FICHE QUESTION
11ème législature
Question N° : 2268  de  M.   Barrot Jacques ( Union pour la démocratie française-Alliance - Haute-Loire ) QG
Ministère interrogé :  emploi et solidarité
Ministère attributaire :  emploi et solidarité
Question publiée au JO le :  04/10/2000  page :  2268
Réponse publiée au JO le :  04/10/2000  page :  2268
Rubrique :  chômage : indemnisation
Tête d'analyse :  régime d'assurance chômage
Analyse :  réforme
DEBAT : M. le président. La parole est à M. Jacques Barrot.
M. Jacques Barrot. Monsieur le président, j'y reviens: ce sera la troisième fois au cours de cette semaine, mais ce sujet est suffisamment important et grave. J'adresse d'ailleurs ma question à M. le Premier ministre.
Mme la ministre de l'emploi et de la solidarité semble, dans les propos qu'elle vient de tenir, oublier tous les efforts déployés par les partenaires sociaux et notamment par les organisations syndicales pour revoir certains éléments du dispositif. Il y a eu un travail effectif pendant tout l'été. Pourquoi faut-il opposer à cet effort une fin de non-recevoir incompréhensible pour tous les Français de bonne volonté ? («C'est vrai !» et applaudissements sur les bancs du groupe de l'Union pour la démocratie française-Alliance, du groupe du Rassemblement pour la République, et du groupe Démocratie libérale et Indépendants.)
Madame la ministre, vous venez de dire que les partenaires sociaux s'étaient engagés, au-delà de l'indemnisation, sur les chemins de l'accompagnement du chômeur et que vous les approuviez. Mais vous avez bien pris soin de rajouter: ce faisant, ils se sont aventurés dans un domaine qui relève de la loi. Vous le leur avez rappelé tout l'été et ils en ont tenu compte. Il est tout de même dommage de multiplier les difficultés sur la route de partenaires sociaux qui ont voulu aller justement jusqu'à l'accompagnement du chômeur dans l'esprit des démarches sociales les plus ambitieuses en Europe. (Applaudissements sur les mêmes bancs.)
J'ai écouté Mme la ministre de l'emploi et de la solidarité ce matin. Peut-on reprocher aux partenaires sociaux d'imaginer des changements d'activité pour certains demandeurs d'emplois en se référant à des compétences professionnelles vérifiées ? Veut-on enfermer les chômeurs ou les travailleurs dans un seul profil d'emploi au lieu de les aider à développer leur «employabilité» ? (Applaudissements sur les mêmes bancs. - Exclamations sur les bancs du groupe socialiste et du groupe communiste.)

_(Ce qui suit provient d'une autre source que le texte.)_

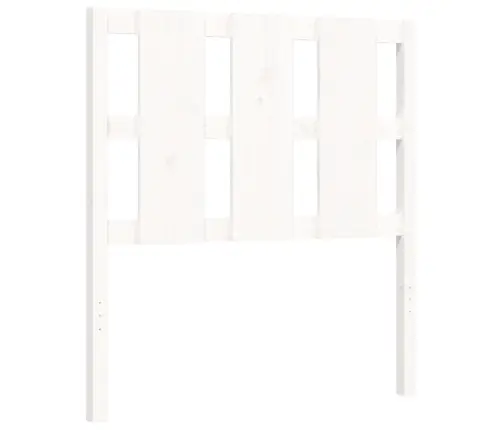 Voodiraam Peatsiga, Valge, 100 X 200 cm Täispuit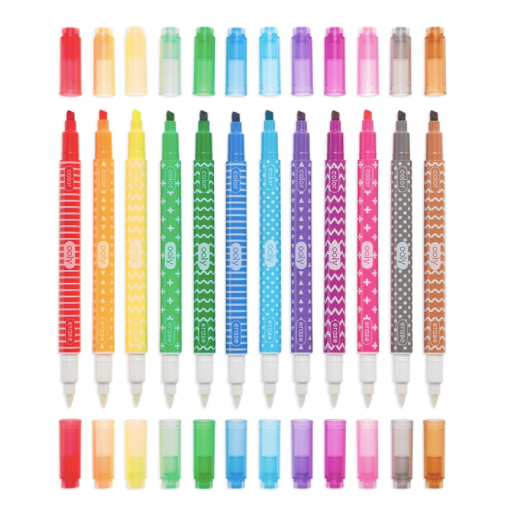 Ooly - Erasable Markers Pack of 12 Colors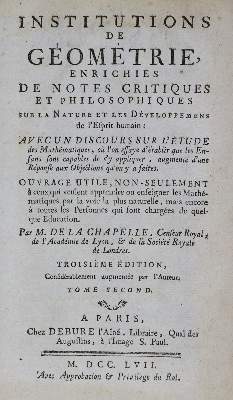 Bild Nr.1: 132-1499 Chapelle,(A.)de la.: (Verschiedene Gebiete - Varia, Mathematik)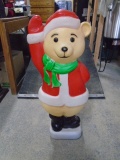 33in Tall Blowmolded Lighted Santa Bear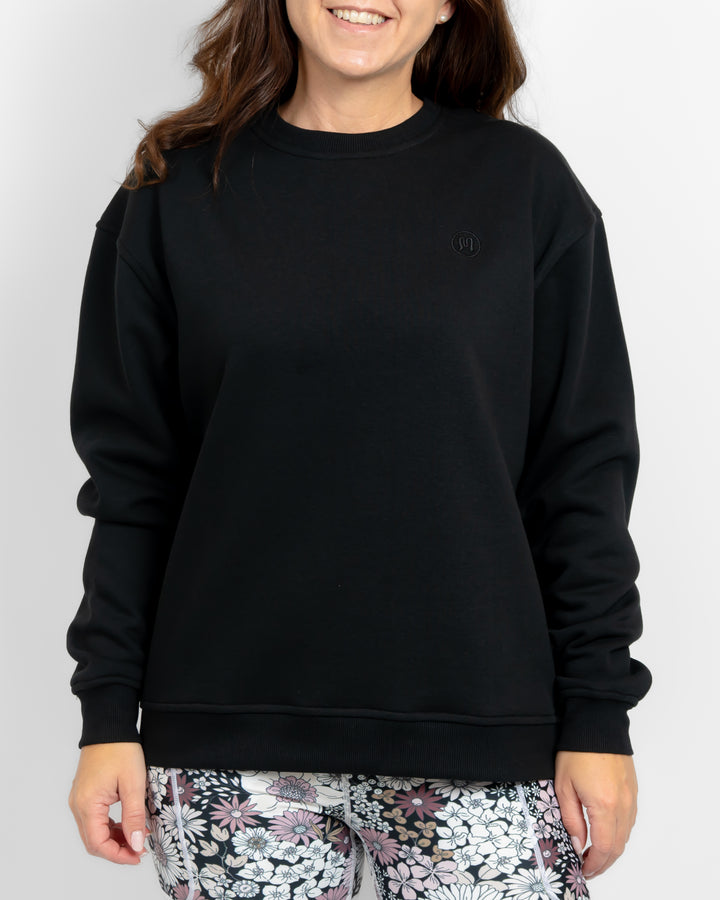 Ida Classic Black Sweatshirt
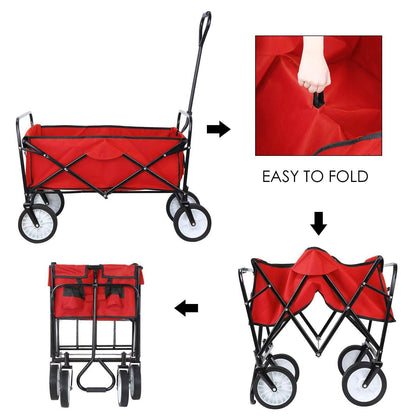 Folding Wagon Garden Shopping Beach Cart DailySale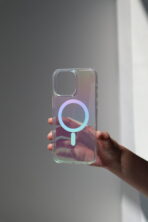 Чохол Fashion Glitter 15 Pro (rainbow)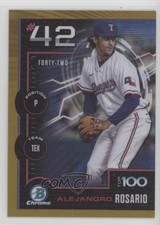 2025 Bowman Scouts Top 100 Chrome Gold Refractor 28/50 Alejandro Rosario 0nr3
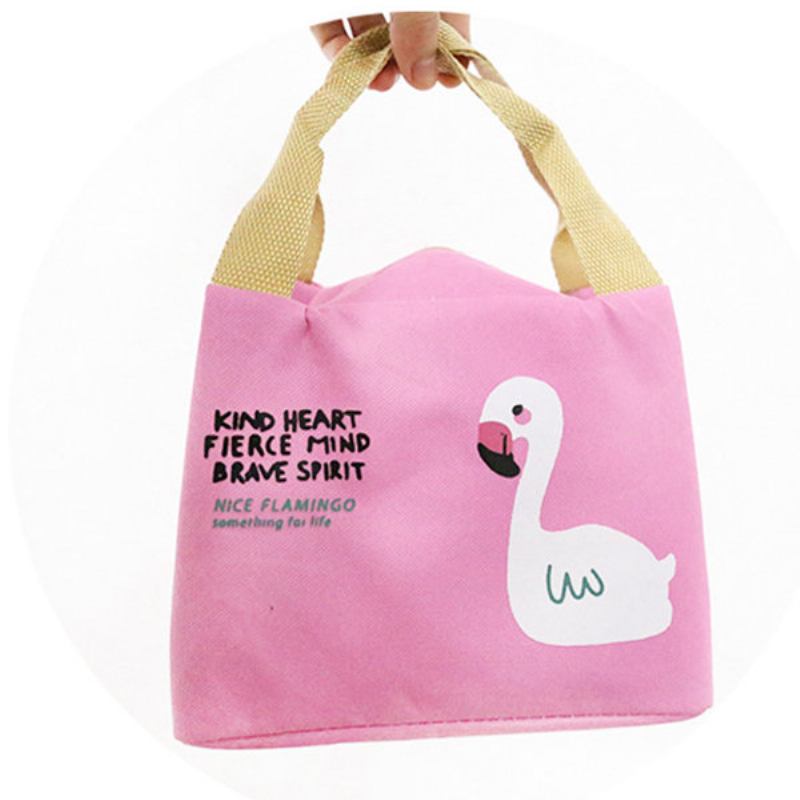 Flamingo Insulation Lunch Box Τσάντα Shopping Tote Bag Momy Bag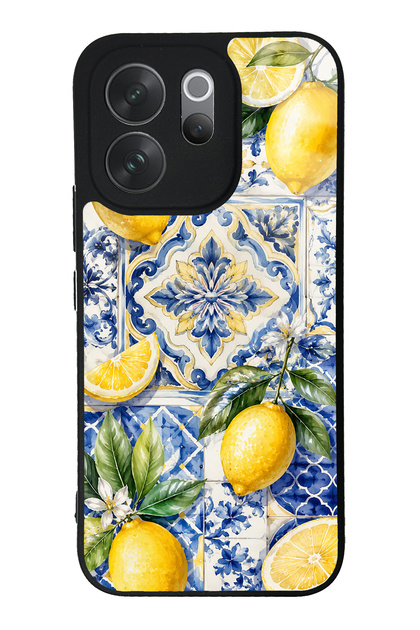 Vivo V70 Mediterranean Lemon Royale Design Glossy Phone Case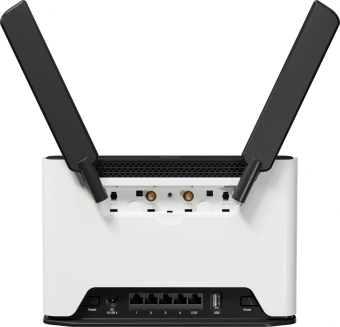 Роутер беспроводной MikroTik Chateau LTE18 ax (S53UG+5HAXD2HAXD-TC&EG18-EA) AX1800 100/1000/2500BASE-T/3G/4G/5G cat.18 белый - купить недорого с доставкой в интернет-магазине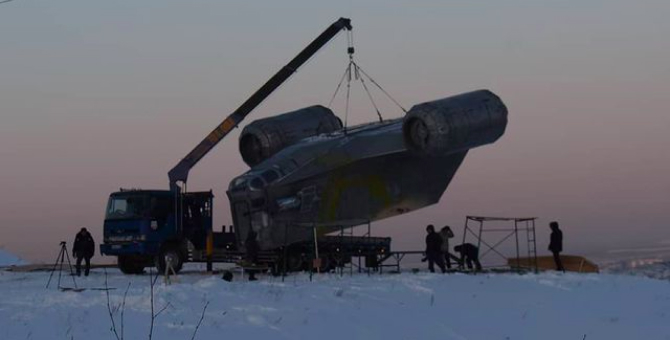 В Якутске появился космический корабль из сериала «Мандалорец»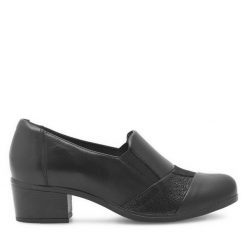 Półbuty Go Soft. Czarne półbuty na co dzień męskie GO SOFT, bez zapięcia. Za 229.99 zł.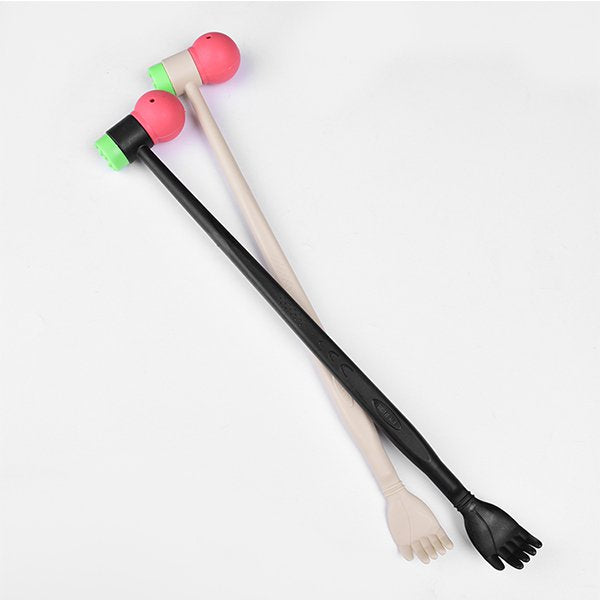 塑膠手造形不求人按摩錘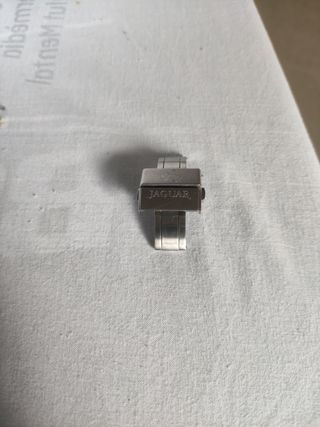 Cierre de reloj Jaguar plateado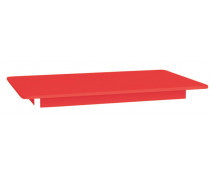 Blat colorat 18 mm, dreptunghi 125x80 cm, roșu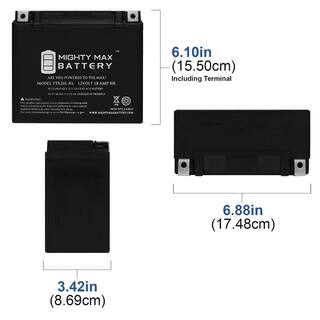 MIGHTY MAX BATTERY YTX20L-BS Battery Replacement for Yuasa YTX20LYTX20L-BS MAX3463615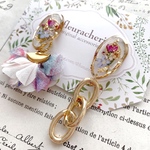 Flower＊ アシンメトリー ピアス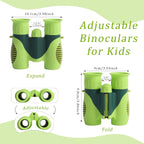 Scotamalone Binoculars for Kids Shockproof Toys Gifts for Age 3-12 Years Old Boys Girls Bird Watching Outside Play Hiking Camping Educational Learning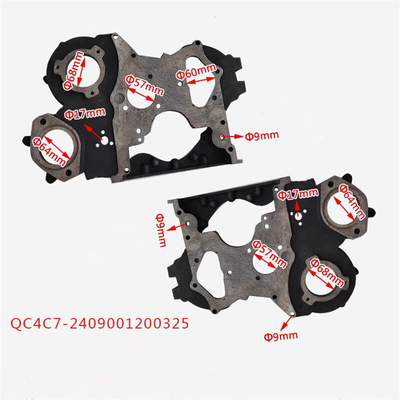 Truck Parts Timing Gear Chamber For QC480 Steel Material OEM NO 2408001200500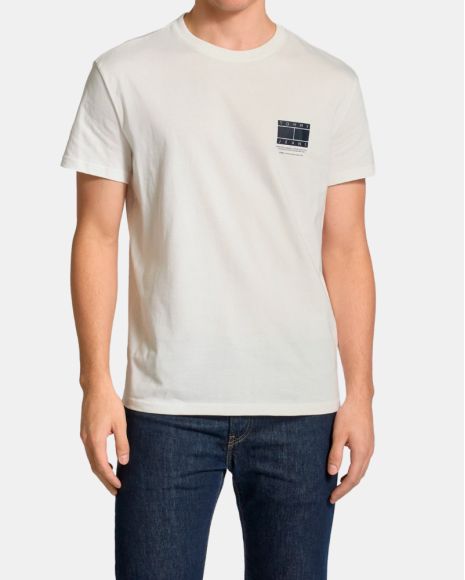 T-shirts Manga Curta Homem TOMMY HILFIGER Branco DM0DM20814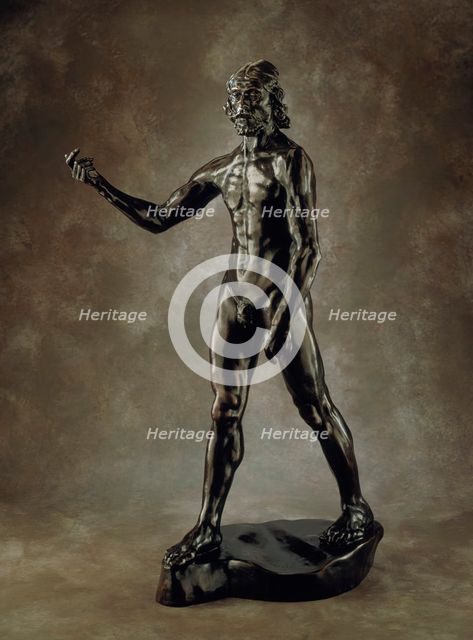 Saint John the Baptist Preaching, This cast 1966 (Musee Rodin 6/12). Creator: Auguste Rodin.
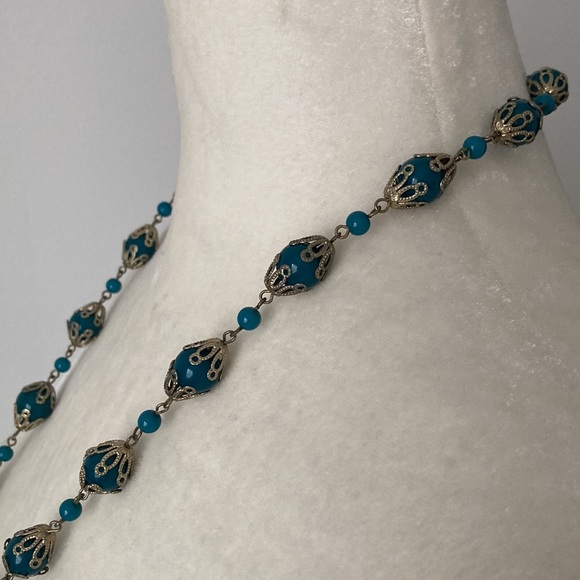 From vintage shop - green and gold necklace - Picture 7 of 7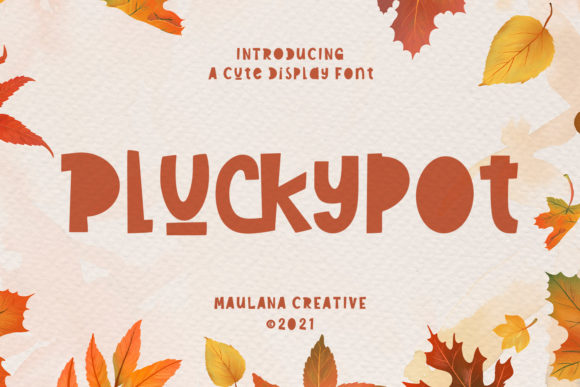 Pluckypot: A Cute Display Font for Campaigns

C'est leur faire prendre le risque du chômage de longue durée et créer une véritable pénurie d'emplois dans certains secteurs. Il est vrai, monsieur le président, que nous en sommes toujours à attendre la loi sur la validation des acquis professionnels et sur le droit à la formation tout au cours de la vie ! (Applaudissements sur les bancs du groupe de l'Union pour la démocratie française-Alliance, du groupe du Rassemblement pour la République et du groupe Démocratie libérale et Indépendants.)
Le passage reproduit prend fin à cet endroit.